Study material Block Start

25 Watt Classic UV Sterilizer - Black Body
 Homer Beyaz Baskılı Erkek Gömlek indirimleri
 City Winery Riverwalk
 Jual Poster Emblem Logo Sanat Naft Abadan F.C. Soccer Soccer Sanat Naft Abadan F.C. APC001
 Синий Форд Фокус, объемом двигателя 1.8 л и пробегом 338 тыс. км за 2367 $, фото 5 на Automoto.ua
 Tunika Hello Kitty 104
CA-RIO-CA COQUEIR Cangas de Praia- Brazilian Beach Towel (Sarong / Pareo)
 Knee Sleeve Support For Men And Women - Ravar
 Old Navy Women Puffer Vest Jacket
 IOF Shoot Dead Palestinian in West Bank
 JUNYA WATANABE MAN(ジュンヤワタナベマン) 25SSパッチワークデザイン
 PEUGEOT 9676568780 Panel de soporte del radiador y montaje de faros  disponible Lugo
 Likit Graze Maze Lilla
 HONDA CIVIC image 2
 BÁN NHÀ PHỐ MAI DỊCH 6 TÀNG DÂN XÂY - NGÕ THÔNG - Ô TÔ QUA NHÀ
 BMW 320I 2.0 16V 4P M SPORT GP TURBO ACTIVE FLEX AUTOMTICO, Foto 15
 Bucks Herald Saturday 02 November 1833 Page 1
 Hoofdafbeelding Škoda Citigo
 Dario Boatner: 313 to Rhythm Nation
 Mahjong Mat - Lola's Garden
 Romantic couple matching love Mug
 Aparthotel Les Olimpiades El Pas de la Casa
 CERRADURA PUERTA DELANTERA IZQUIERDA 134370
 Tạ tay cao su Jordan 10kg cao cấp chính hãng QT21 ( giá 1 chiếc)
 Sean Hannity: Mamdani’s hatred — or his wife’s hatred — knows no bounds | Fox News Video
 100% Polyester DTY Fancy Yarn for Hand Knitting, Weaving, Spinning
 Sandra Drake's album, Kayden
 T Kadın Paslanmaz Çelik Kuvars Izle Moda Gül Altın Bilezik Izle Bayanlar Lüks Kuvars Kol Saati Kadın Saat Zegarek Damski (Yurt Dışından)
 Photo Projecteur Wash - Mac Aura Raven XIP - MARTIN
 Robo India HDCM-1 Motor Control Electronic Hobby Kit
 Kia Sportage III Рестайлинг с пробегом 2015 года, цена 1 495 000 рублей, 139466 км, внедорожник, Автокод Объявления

Study material Block End

Repeat all the records without altering a single word.

25 Watt Classic UV Sterilizer - Black Body
 Homer Beyaz Baskılı Erkek Gömlek indirimleri
 City Winery Riverwalk
 Jual Poster Emblem Logo Sanat Naft Abadan F.C. Soccer Soccer Sanat Naft Abadan F.C. APC001
 Синий Форд Фокус, объемом двигателя 1.8 л и пробегом 338 тыс. км за 2367 $, фото 5 на Automoto.ua
 Tunika Hello Kitty 104
CA-RIO-CA COQUEIR Cangas de Praia- Brazilian Beach Towel (Sarong / Pareo)
 Knee Sleeve Support For Men And Women - Ravar
 Old Navy Women Puffer Vest Jacket
 IOF Shoot Dead Palestinian in West Bank
 JUNYA WATANABE MAN(ジュンヤワタナベマン) 25SSパッチワークデザイン
 PEUGEOT 9676568780 Panel de soporte del radiador y montaje de faros  disponible Lugo
 Likit Graze Maze Lilla
 HONDA CIVIC image 2
 BÁN NHÀ PHỐ MAI DỊCH 6 TÀNG DÂN XÂY - NGÕ THÔNG - Ô TÔ QUA NHÀ
 BMW 320I 2.0 16V 4P M SPORT GP TURBO ACTIVE FLEX AUTOMTICO, Foto 15
 Bucks Herald Saturday 02 November 1833 Page 1
 Hoofdafbeelding Škoda Citigo
 Dario Boatner: 313 to Rhythm Nation
 Mahjong Mat - Lola's Garden
 Romantic couple matching love Mug
 Aparthotel Les Olimpiades El Pas de la Casa
 CERRADURA PUERTA DELANTERA IZQUIERDA 134370
 Tạ tay cao su Jordan 10kg cao cấp chính hãng QT21 ( giá 1 chiếc)
 Sean Hannity: Mamdani’s hatred — or his wife’s hatred — knows no bounds | Fox News Video
 100% Polyester DTY Fancy Yarn for Hand Knitting, Weaving, Spinning
 Sandra Drake's album, Kayden
 T Kadın Paslanmaz Çelik Kuvars Izle Moda Gül Altın Bilezik Izle Bayanlar Lüks Kuvars Kol Saati Kadın Saat Zegarek Damski (Yurt Dışından)
 Photo Projecteur Wash - Mac Aura Raven XIP - MARTIN
 Robo India HDCM-1 Motor Control Electronic Hobby Kit
 Kia Sportage III Рестайлинг с пробегом 2015 года, цена 1 495 000 рублей, 139466 км, внедорожник, Автокод Объявления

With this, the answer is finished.